Tertiary Goal: Detect things like superfluous Is_Antiform() calls being made on Elements.

The primary goal is achieved by choosing Element as a most-derived type instead of a base type.

The next two goals are somewhat maddeningly trickier...

`Sink(...)` and `Need(...)`

The idea behind a Sink() is to be able to mark on a function's interface when a function argument passed by pointer is intended as an output.

This has benefits of documentation, and can also be given some teeth by scrambling the memory that the pointer points at (so long as it isn't an "in-out" parameter). But it also applied in CHECK_CELL_SUBCLASSES, by enforcing "covariance" for input parameters, and "contravariance" for output parameters.

If USE_CELL_SUBCLASSES is enabled, then the inheritance heirarchy has Atom at the base, with Element at the top. Since what Elements can contain is more constrained than what Atoms can contain, this means you can pass Atom* to Element*, but not vice-versa.

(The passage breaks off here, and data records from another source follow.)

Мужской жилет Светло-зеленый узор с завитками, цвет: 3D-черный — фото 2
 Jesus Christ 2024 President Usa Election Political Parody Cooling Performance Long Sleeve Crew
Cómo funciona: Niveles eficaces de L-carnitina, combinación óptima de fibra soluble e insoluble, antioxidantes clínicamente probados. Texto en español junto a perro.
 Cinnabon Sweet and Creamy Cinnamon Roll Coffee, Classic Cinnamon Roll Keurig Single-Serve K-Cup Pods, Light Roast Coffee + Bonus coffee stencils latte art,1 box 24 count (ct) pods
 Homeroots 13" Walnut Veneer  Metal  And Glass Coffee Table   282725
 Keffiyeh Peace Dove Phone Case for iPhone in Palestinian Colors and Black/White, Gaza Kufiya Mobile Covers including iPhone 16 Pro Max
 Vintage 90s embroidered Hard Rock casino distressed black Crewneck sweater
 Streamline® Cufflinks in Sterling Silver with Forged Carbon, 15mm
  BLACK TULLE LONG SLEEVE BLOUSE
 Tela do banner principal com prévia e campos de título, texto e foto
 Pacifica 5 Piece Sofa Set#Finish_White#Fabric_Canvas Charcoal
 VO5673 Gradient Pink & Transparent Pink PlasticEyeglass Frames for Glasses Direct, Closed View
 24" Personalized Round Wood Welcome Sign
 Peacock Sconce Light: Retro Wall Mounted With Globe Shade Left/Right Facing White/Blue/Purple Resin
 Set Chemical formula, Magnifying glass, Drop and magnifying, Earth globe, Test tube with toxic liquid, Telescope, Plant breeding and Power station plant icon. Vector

However, when you have a Sink(Element) parameter instead of an Element*, the checking needs to be reversed. You are -writing- an Element, so the receiving caller can pass an Atom* and it will be okay. But if you were writing an Atom, then passing an Element* would not be okay, as after the initialization the Element could hold invalid states.

We use "SFINAE" to selectively enable the upside-down hierarchy, based on the std::is_base_of<> type trait.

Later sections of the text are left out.